- Born: 3 February 1963 (age 63) Burgundy, France
- Occupation: Make-up artist

= Tom Pecheux =

French make-up artist (born 1963)

Tom Pecheux (born 3 February 1963) is a French make-up artist and currently the Global Beauty Director for Yves Saint Laurent Beauty.

== Early life ==
Born and raised on a farm in Burgundy, France, Pecheux experienced a childhood deeply connected to nature. His father, a farmer and winemaker, instilled a love for gardening in Pecheux from an early age.

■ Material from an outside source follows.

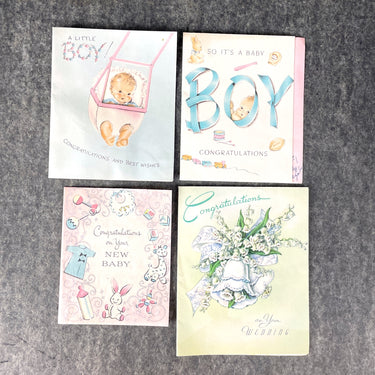 Baby and wedding vintage greeting cards - set of 17 - NextStage Vintage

Although his family's agricultural background shaped much of his early life, Pecheux discovered a passion for the culinary arts during his formative years. Initially aspiring to become a pastry chef, he dedicated three years to formal education and training in the field. Cooking became a profound love for Pecheux, who found solace and creativity in the kitchen. After completing his studies, Pecheux relocated to Paris to embark on his professional journey. He secured a position as a pastry chef assistant at a prominent hotel, where he honed his skills and gained invaluable experience.

At age 19, while working in Paris, Pecheux began to explore his interest in makeup artistry, a latent passion that had remained dormant for years. This curiosity led him to experiment with makeup techniques, gradually realizing his talent and eye for aesthetics. The transition from the world of pastries to the realm of beauty seemed natural to Pecheux, who eagerly embraced the new artistic medium.

== Career ==
Pecheux commenced his cosmetics journey as an assistant to acclaimed makeup artist Linda Cantello and quickly established himself as a notable presence in the industry. Over the years, he has worked with a distinguished roster of photographers, including Mario Testino, Patrick Demarchelier, Craig McDean, Peter Lindbergh, and Mert and Marcus.

In 2009, Pecheux was named Creative Makeup Director for Estée Lauder.

From 2014 to 2018, Pecheux served as the key makeup artist for Chanel runway shows.

In 2017, Pecheux was appointed as the Global Beauty Director for Yves Saint Laurent Beauty.

Pecheux has done make-up for runway shows and advertising campaigns for clients like Balmain, Lanvin, Emilio Pucci, Prada and Givenchy.